A PALEOLIMNOLOGIC STUDY OF THE LATE HOLOCENE HYDROCLIMATIC AND HYDROCHEMICAL HISTORY OF THE SEA OF GALILEE, ISRAEL


WILLIAMS, Abigail, University of Minnesota, Earth Sciences, 310 Pillsbury Dr SE, Minneapolis, MN 55408, ITO, Emi, Earth Sciences and Limnological Research Center, University of Minnesota, 310 Pillsbury Drive, SE, Minneapolis, MN 55455, KALANKE, Julia, Inst. Geo. Sci., Free University, Berlin, Berlin, Germany, PALCHAN, Daniel, Institute of Earth Sciences, Hebrew Univesity, Givat Ram, Jerusalem, 91904, MISCHKE, Steffen, Institute of Earth and Environmental Science, Universit├Ąt Potsdam, Karl-Liebknecht-Str. 25/H27, Potsdam-Golm, 14476, Germany, STEIN, Mordechai, The Geological Survey of Israel, 0 Malkhe Israel Street, Jerusalem, 95501, Israel and ALMOGI-LABIN, Ahuva, Geological Survey of Israel, 30 Malkei Yisrael St, Jerusalme, 95501, Israel, will4320@umn.edu

Reconstruction of the hydroclimatic and hydrochemical history of a rift valley lake, the Sea of Galilee, during the Late Holocene was established through a 143-cm long core taken from 10m depth on the western shore in January, 2012. The chronology of the core was established with 9 AMS 14 C dates on terrestrial macrofossils and the basal age is ca. 3900 cal yr BP. The core was extracted 1 km from the shore near the mouth of an ephemeral stream, transporting winter storm runoff from the Galilee Mountains into the Sea.

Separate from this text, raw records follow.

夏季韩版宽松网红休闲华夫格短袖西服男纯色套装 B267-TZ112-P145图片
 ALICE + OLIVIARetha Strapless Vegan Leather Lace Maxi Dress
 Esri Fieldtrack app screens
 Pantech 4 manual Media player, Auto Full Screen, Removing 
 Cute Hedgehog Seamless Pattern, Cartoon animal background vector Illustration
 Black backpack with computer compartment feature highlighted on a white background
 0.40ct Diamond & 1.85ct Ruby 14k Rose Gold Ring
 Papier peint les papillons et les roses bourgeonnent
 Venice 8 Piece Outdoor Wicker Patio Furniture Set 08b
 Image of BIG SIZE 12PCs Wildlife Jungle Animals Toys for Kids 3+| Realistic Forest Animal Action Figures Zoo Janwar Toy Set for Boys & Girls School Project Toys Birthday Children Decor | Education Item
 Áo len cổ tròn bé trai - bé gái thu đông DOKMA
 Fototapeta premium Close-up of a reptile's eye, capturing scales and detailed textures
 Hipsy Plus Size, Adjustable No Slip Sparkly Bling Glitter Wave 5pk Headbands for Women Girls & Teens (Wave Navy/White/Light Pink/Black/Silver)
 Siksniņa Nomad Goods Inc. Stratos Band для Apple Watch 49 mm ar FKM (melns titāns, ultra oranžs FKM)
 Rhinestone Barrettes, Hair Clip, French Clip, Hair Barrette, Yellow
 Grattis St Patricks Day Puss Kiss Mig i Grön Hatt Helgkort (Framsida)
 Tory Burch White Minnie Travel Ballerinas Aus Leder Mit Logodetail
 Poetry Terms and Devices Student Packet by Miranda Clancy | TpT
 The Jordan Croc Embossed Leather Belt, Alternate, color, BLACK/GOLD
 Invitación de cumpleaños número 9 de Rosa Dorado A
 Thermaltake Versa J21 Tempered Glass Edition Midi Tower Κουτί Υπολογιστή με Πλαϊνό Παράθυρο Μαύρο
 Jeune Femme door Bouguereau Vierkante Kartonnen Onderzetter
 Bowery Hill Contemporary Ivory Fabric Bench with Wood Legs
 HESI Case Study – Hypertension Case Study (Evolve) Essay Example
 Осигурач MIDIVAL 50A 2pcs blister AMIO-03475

The geology at the head of the stream begins as Cretaceous carbonates, a travertine valley floor and Pliocene basalts at elevation closer to the Sea. Landslide deposits are located in two areas of the valley from periods of heavy rain. The core contains two discrete fining upward unconformities at 90 cm and 109 cm indicating possible flood events based on age reversals, angular Melanopsis debris, and silicate mineral grains. Ostracodes were separated from the core and their species assemblage and abundance were determined to trace the historic rerouting of saline springs and general shifts in hydrochemistry. Cyprideis torosa is the most abundant species with both smooth and noded shells present. The carbonate and non-carbonate fractions of sediment were processed, respectively, for 87Sr/86Sr revealing an isolated excursion between 90-109 cm. The near absence of ostracodes in this portion of the core suggests the sediment has a terrestrial source unlike the majority of the core. The groundwater to the west contains a saline lens that gets injected into the Sea through springs and underground flow during extended rain events. A known diversion of these saline springs in 1964 will assist to understand the shifts in ostracode species assemblage and distribution throughout the core. The species assemblage indicates high specific conductivity (SC) from 90-100cm, which coincides with high 87Sr/86Sr (0.711 cf. 0.707 to 0.709 for other depths) for the carbonate-free fraction of bulk sediment. Comparing recharging groundwater forcing the discharge of saline springs in the last ca. 400 yrs to modern times, high SC segments suggest an increased precipitation in the Galilee Mountains (e.g. Gvirtzmann et al. 1997).